__Work item__: Using the records below, give again exactly the lines from the line that contains "Abrikozengaarde 3 Schiedam thumbnail 6" through the line that contains "病理报告诊断证明书详解及图片解读?⚡️", both ends included, and only those.

__Data for this task__:
==========

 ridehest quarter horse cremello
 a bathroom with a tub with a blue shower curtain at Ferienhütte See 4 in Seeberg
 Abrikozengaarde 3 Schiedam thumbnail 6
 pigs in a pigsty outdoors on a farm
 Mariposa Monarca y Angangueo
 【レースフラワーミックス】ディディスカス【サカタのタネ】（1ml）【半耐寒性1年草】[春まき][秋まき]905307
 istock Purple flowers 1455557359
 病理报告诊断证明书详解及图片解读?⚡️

==========

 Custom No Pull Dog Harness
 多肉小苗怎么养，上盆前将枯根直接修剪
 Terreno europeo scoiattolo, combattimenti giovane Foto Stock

==========

__Task output__:
 Abrikozengaarde 3 Schiedam thumbnail 6
 pigs in a pigsty outdoors on a farm
 Mariposa Monarca y Angangueo
 【レースフラワーミックス】ディディスカス【サカタのタネ】（1ml）【半耐寒性1年草】[春まき][秋まき]905307
 istock Purple flowers 1455557359
 病理报告诊断证明书详解及图片解读?⚡️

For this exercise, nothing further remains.